Black Lives Matter rally in December 2014. Photo: niXerKG/Flickr.

Much has transpired over the past several weeks that makes transparent the extent to which white supremacy and hatred-based violence have no borders or boundaries. Initially, I was set to write about the historic removal of four monuments in New Orleans to illuminate the intersections of white supremacy and white terrorism in public spaces, as well as how national mythologies and other types of historical narratives circulate to “rationalize” the significance of such monumental displays. To be clear, there is something to be said about public art and artifacts, freedom of expression, and erecting statues of monumental relevance to honor particular moments. While the monuments erected possibly represent the aforementioned, as some might argue, what makes those public monumental displays dishonorable is the particular context in which they were erected: to instill terror, to carry out hatred-based violence, and as unpatriotic acts of treason.
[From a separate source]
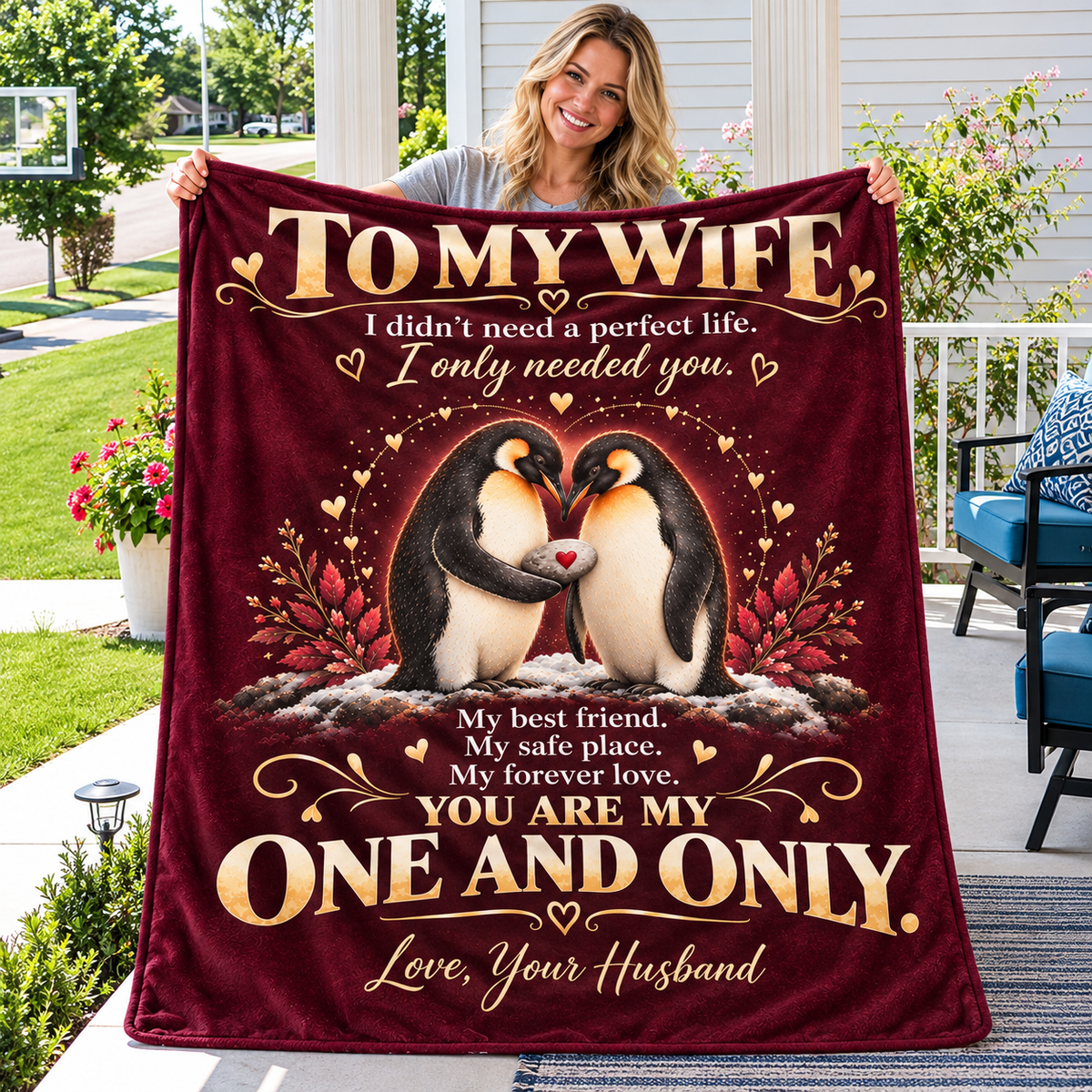 To My Wife – You Are My One and Only Plush Fleece Blanket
They contradict rather than embody America’s founding creed that makes it “self-evident that all men are created equal.” As New Orleans mayor Mitch Landrieu so eloquently stated in a speech, “They are not just innocent remembrances of a benign history. These monuments celebrate a fictional, sanitized Confederacy ignoring the death, ignoring the enslavement, ignoring the terror that they actually stood for”; for, “[t]hey may have been warriors, but in this cause they were not patriots.”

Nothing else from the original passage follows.